1.3 The damning evidence: students systematically misjudge their own learning

Here the literature does something rare — it shows not just that students lack the skill, but that their intuitions about learning are actively wrong, in a measurable, repeatable way. Kornell and Bjork's work is the cleanest demonstration. In one study, 90% of students learned better after spaced practice than massed practice — yet 72% of them believed massing was the more effective method. They were getting the right answer from the wrong strategy and concluding the wrong strategy was right (Kornell & Bjork, 2008, *Memory*; overview in Bjork, Dunlosky & Kornell, "Self-Regulated Learning: Beliefs, Techniques, and Illusions").

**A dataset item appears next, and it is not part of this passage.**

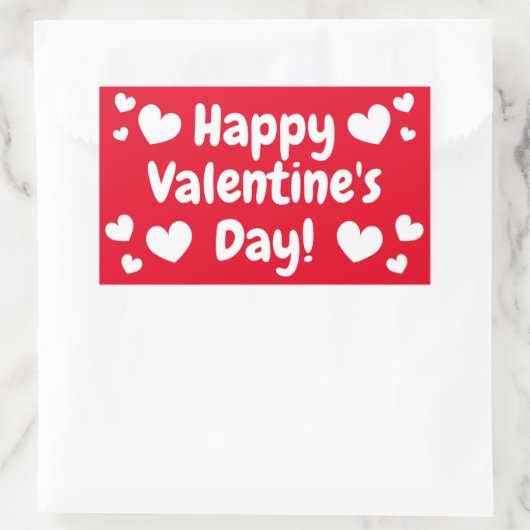 Happy Valentine's Day Rechthoekige Sticker (Tas)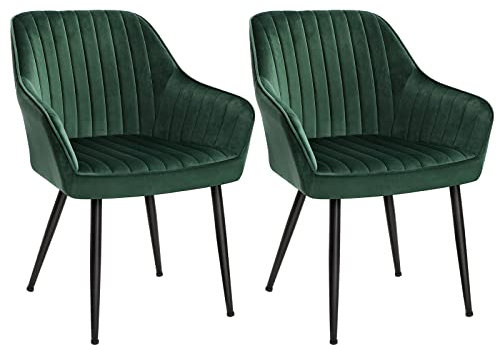 SONGMICS Esszimmerstuhl, 2er Set, Küchenstuhl, Sessel, Samt, Polsterstuhl mit Armlehnen, Loungesessel, bis 120 kg belastbar, Metallbeine, für Esszimmer, Küche, grün-tintenschwarz LDC087C02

The mechanism is fluency illusions: rereading and highlighting produce a feeling of familiarity that students misread as a feeling of mastery. The strategies that feel productive (smooth, easy, fluent) are weak; the strategies that work (retrieval, spacing, interleaving — Bjork's "desirable difficulties") feel harder and slower, so students abandon them (Bjork on desirable difficulties, summary). A 2024 classroom study put it in the title: students don't learn the way they think they do (Bjork-tradition replication, *CBE—Life Sci. Educ.* 2024).

The corollary is the indictment: many students have never been taught how to study at all. Their strategies are folk-theories, picked up by imitation, and frequently wrong; explicit instruction in metacognitive strategy helps, but it is "not universally provided" (Stanton et al., *CBE—Life Sci. Educ.* 2021; teacher instruction and children's metacognition, NIH/PMC). The system devotes twelve-plus years to what to learn and almost none to how.

1.4 The honest caveat: learning styles is a debunked myth — say it

A reform brief that championed "learning to learn" while smuggling in pop-neuroscience would deserve to be ignored. So, plainly: the "learning styles" idea — that each student has a visual/auditory/kinesthetic style and learns best when instruction is matched to it (the "meshing hypothesis") — is not supported by evidence. Pashler, McDaniel, Rohrer, and Bjork's 2008 review found "virtually no evidence" for the crossover interaction that the theory requires, and concluded there is "no adequate evidence base to justify incorporating learning-styles assessments into general educational practice" (Pashler et al., 2008, *PSPI*). The consensus has held since (APA, "Toward a Deeper Understanding of the Learning Style Myth"), even as a 2024 meta-analysis revisited the question and still failed to vindicate matching (Frontiers, "Is it really a neuromyth?" 2024).

This matters for the argument in two ways. First, it is a precise example of the gap: the false idea (learning styles) is the one most teachers have heard of, while the true, high-leverage ideas (retrieval, spacing, metacognition) are the ones most learners have never been taught. Second, it models the standard Bucket holds itself to — when the evidence kills a popular idea, name it.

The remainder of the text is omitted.